I agree. If you need to pass state to a child scope (a template being called in your current scope), pass it explicitly as a parameter. If there are scenarios that would be affected by this that aren't a child template, I'm not aware of them and would need to see an example.

I don't know anything about lconstdefine and therefore don't have an opinion about how to handle second/additional calls to it.

Just to maybe give some ideas, what we do in our homebrew extension is to have all variables local to the frame (template) they're created in, but then we also have a #inherit function to pull in a variable from the parent or higher frame (climbing up until it finds the variable or runs out of frames). This is tremendously useful to act as a pseudo-setting, like setting "showweight" to 1 on the page, then repeatedly calling a template that can optionally show a weight column. It really adds up when there are dozens or even hundreds of calls where you don't have to add |showweight=1 every time. While much less used, we also have a #return function that sets variables on the frame one higher than where the #return was called from, assuming it's not already a top-level frame.

That all being said, this all relies on a similar frame-like structure that has access to its parent always being in use. So far, that seems like it'll be the case for both the legacy parser and Parsoid, so we're probably good on that front. The inherent problem with Parsoid, though, is the parallelism, as already noted on the Variables page on MW.

Also, in terms of how we have our variables reliably at frame scope, we're using the built-in variable system. Thus, {{#define:animal|dog}} {{{animal}}} produces "dog" if nothing was passed, but "cat" if the template was called with |animal=cat. The code is here, if you want to have a look at it: https://github.com/RobinHood70/MetaTemplate/tree/main/MetaTemplate

I am unsure if this is the right space to bring it up, but I was recently reminded by @Pppery that dynamic properties are deprecated in PHP 8.2 and who knows when they will be disallowed.

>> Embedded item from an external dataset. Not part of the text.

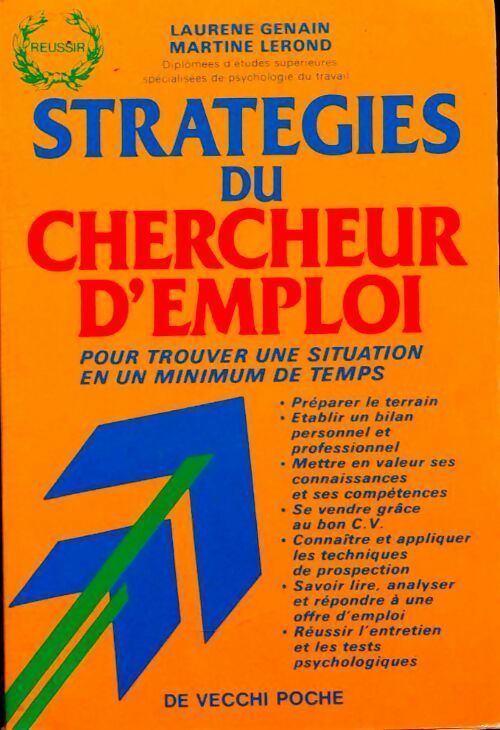 Livrenpoche : Stratégies du chercheur d'emploi - Laurène Genain, Martine Lerond - Livre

This is a problem for the current version of Variables, which attaches a dynamic property (mExtVariables) to the Parser.

The best alternative I can think of is to rely on some combination of Parser::setExtensionData() and Parser::appendExtensionData(), which is a little convoluted but may be our best option. I took the liberty to update the documentation over on the MediaWiki website: https://www.mediawiki.org/wiki/Manual:Extension_data#Advanced

Previously, we were allowed to use Parser::setExtensionData() but the use of that method to modify/destroy/reset values is deprecated (although MW 1.42 does not complain yet).

@RobinHood70 I haven't had time to look at your work but that looks interesting.